→ Assignment
Among the entries below, take the line with "Vendo cafeteira Electrolux toda perfeita" and the line with "China Jiangsu Zhuohe", and output them and every line between them exactly, with nothing else.

→ Data in this exercise
..............................
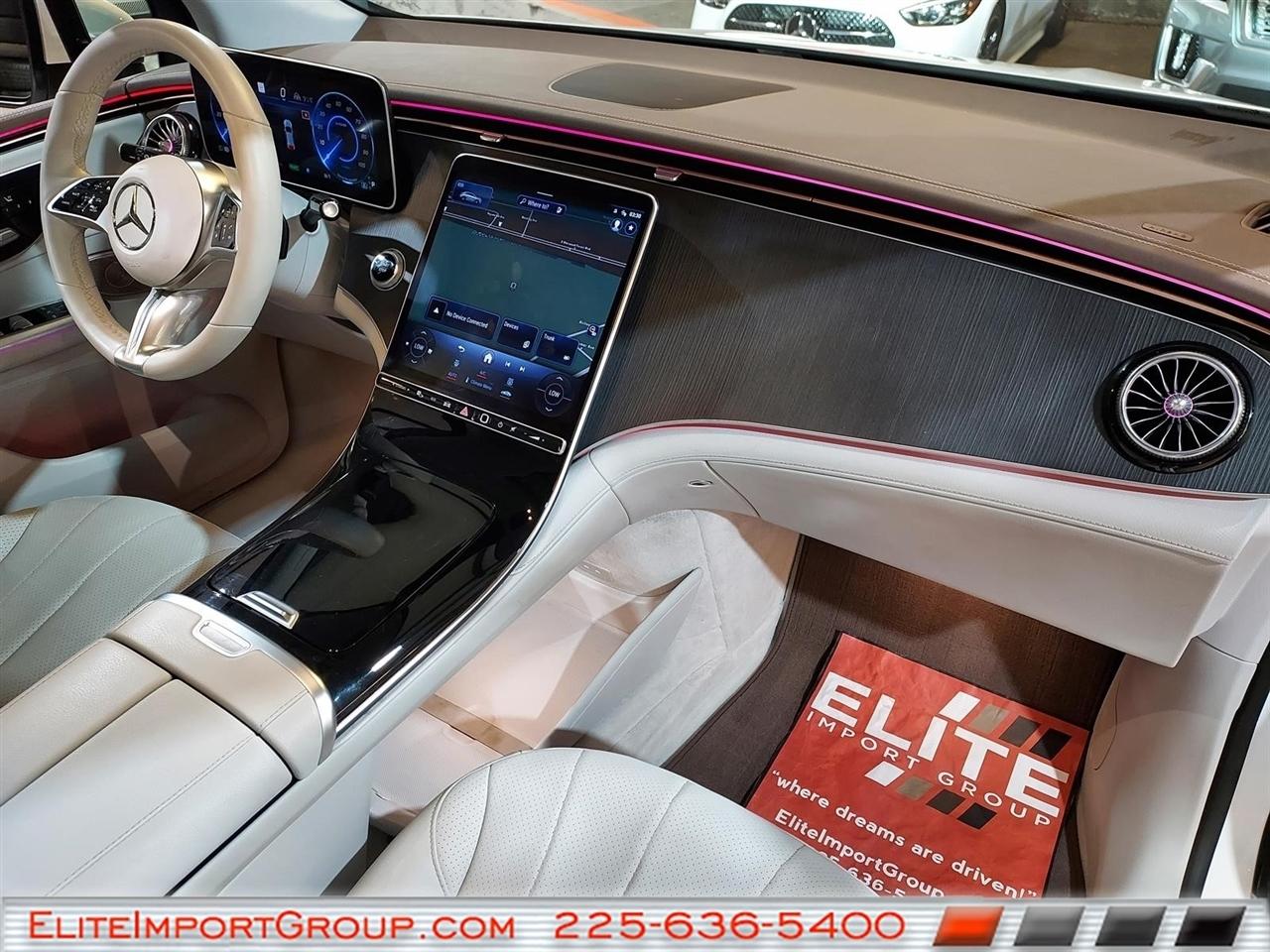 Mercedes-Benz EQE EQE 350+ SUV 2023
..............................
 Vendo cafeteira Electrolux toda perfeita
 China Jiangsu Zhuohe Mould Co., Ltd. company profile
..............................
→ Reply
 Vendo cafeteira Electrolux toda perfeita
 China Jiangsu Zhuohe Mould Co., Ltd. company profile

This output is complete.